L’expert rappelle également que le Canada est doublement frappé, car en plus de la pandémie, il est confronté à la baisse des prix du pétrole. « Le pétrole est un élément important dans notre économie », a-t-il rappelé. Il s’attend donc à ce que l’ampleur de la contraction soit plus grande au Canada qu’aux États-Unis. Il imagine également que les prix du pétrole vont prendre un moment à revenir à ce qu’ils étaient avant la crise.

À quoi doivent s’attendre les entreprises?

La situation des entreprises dépend essentiellement de deux mesures selon Martin Coiteux :

  1. la période de confinement : plus celle-ci va être longue, plus la crise de liquidité va être aigüe et impossible à surmonter pour certaines entreprises
  2. les politiques gouvernementales :  les gouvernements tentent de soutenir de leur mieux les sociétés pour leur permettre de reprendre leurs activités après la crise

Toutefois, cette crise n’aura pas que des désavantages. Elle va montrer aux sociétés l’intérêt d’investir dans le numérique et les services de livraison, selon l’expert. Il est aussi probable que les entreprises repensent leur chaîne d’approvisionnement afin que celles-ci soient moins concentrées à un seul endroit lointain, comme la Chine. Selon lui, les échanges entre provinces vont jouer un rôle plus grand dans le futur.

Martin Coiteux estime que, contrairement à 2008-2009, les gouvernements ont réagi de façon appropriée et rapidement ce qui devrait aider les entreprises et les individus à se remettre plus rapidement de la crise. « La réaction a été immédiate et massive.
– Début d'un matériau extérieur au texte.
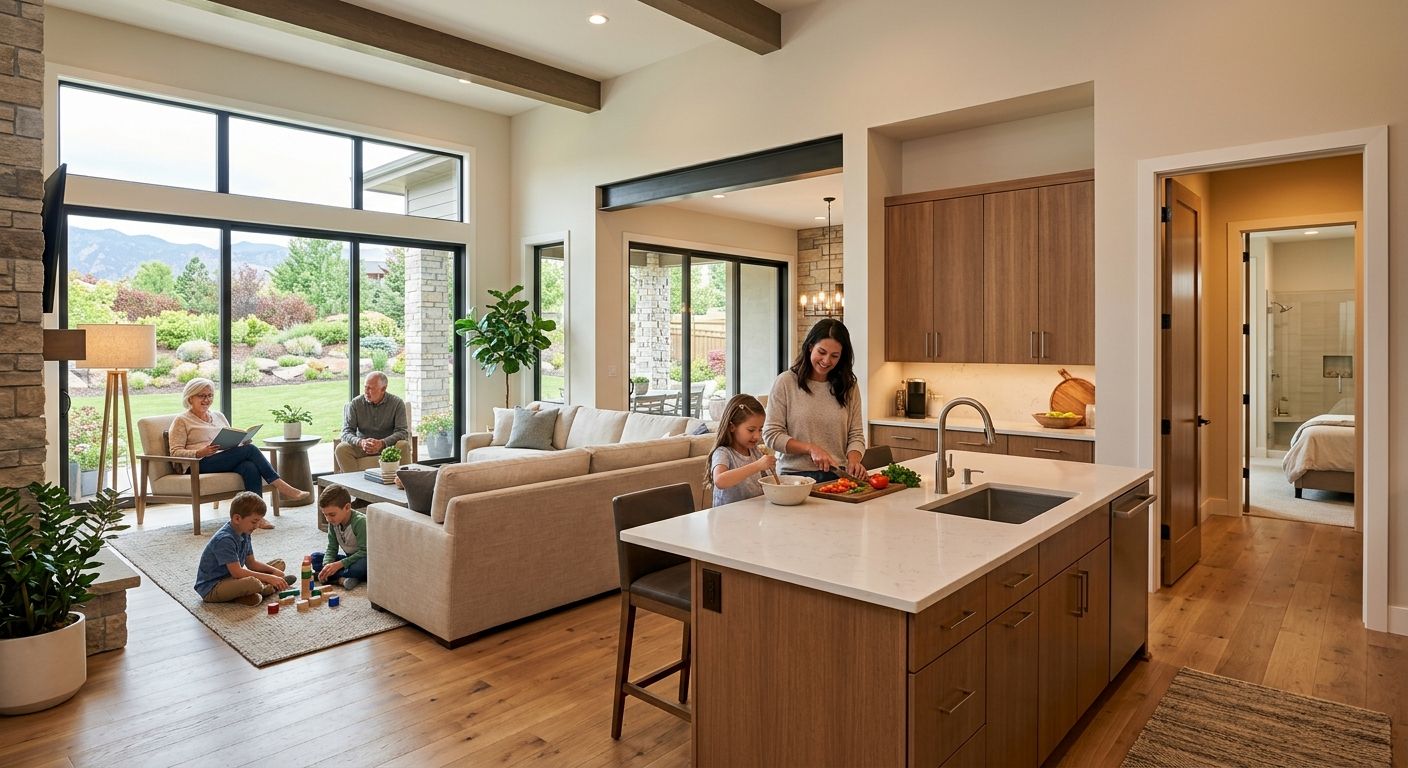 Modern multigenerational home interior with open-plan kitchen and family room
C’était la chose à faire », soutient-il.

Une situation pré-crise chaotique

Côté relations internationales, la situation avant la crise était quelque peu complexe notamment avec la guerre commerciale opposant la Chine et les États-Unis. Et même si les deux pays semblaient s’être mis d’accord à la fin 2019, début 2020, la relation était encore tendue. Il y avait encore des tarifs exorbitants entre les deux entités et restait la question de la rivalité technologique.

La relation entre l’Europe et les États-Unis s’étaient également détériorée avec des menaces de tarifs ce qui donnait peu de place à une éventuelle collaboration. Mais les banques centrales des pays ont réagi rapidement et de façon quasi simultanée malgré tout. La Réserve fédérale a également joué son rôle pour éviter que la crise se transforme en crise financière.
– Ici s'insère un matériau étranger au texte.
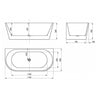Verona 1700x800x580 Matte White Back to Wall Bathtub No Overflow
Côté endettement, la situation n’était pas brillante non plus. Les pays étaient déjà endettés avant la pandémie, et ils en sortiront encore plus endettés, « mais on n’avait pas le choix », souligne Martin Coiteux. « Sans le soutien aux travailleurs et entreprises, il n’y aurait pas de sortie de crise. Il y aurait eu une dépression. »
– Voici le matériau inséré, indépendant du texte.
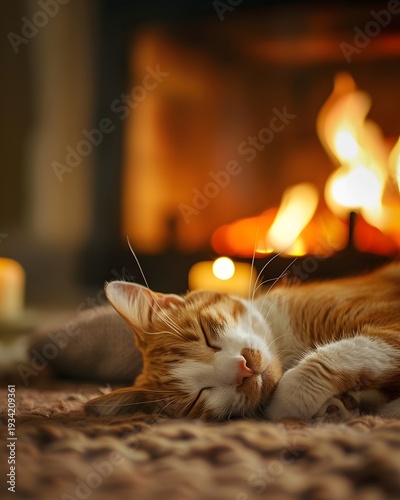 Domestic Cat Curled Up by Fireplace in Soft Light and Calm Winter Mood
Pour cette raison, l’expert pense que les taux directeurs vont rester bas très longtemps. Les taux longs devraient également rester bas en raison de l’endettement gouvernemental et du secteur privé, selon lui. La courbe devrait donc être plus plate qu’elle ne l’était avant la pandémie et sûrement plus longtemps.

Toutefois, Martin Coiteux ne craint pas une inflation. Même si une partie de la production est ramenée plus près du marché national générant ainsi des coûts plus élevés, il assume que la Banque centrale acceptera de dépasser légèrement sa cible de 2 % plutôt que de plonger le pays dans une crise pour revenir à des taux plus bas. « Les banques centrales vont faire le choix d’être plus tolérantes et accepter une inflation plus élevée », affirme-t-il.

Attention à vos investissements

Côté des marchés, malgré la remontée rapide observée récemment, toutes les conséquences sur les bénéfices des entreprises ne sont pas encore claires. Martin Coiteux invite donc à la prudence.

« Ce n’est pas le moment de trop s’orienter vers le risque parce que les valorisations sont plus faibles », déclare-t-il. Il estime toutefois qu’il faut se préparer à prendre un risque de façon sélective sur certains marchés.

Mais il invite toutefois à ne pas trop se fier au passé, car il pense que la crise va accélérer certains comportements. « Certains actifs vont sortir gagnants de cette nouvelle normalité et ils ne seront pas forcément les mêmes qu’avant », prévient-il. Il suggère également de détecter les actifs qui ont été trop pénalisés et pourraient donc offrir de belles opportunités.

« Il ne faut pas être trop macro, il faut être prudent et très sélectif », conclut-il.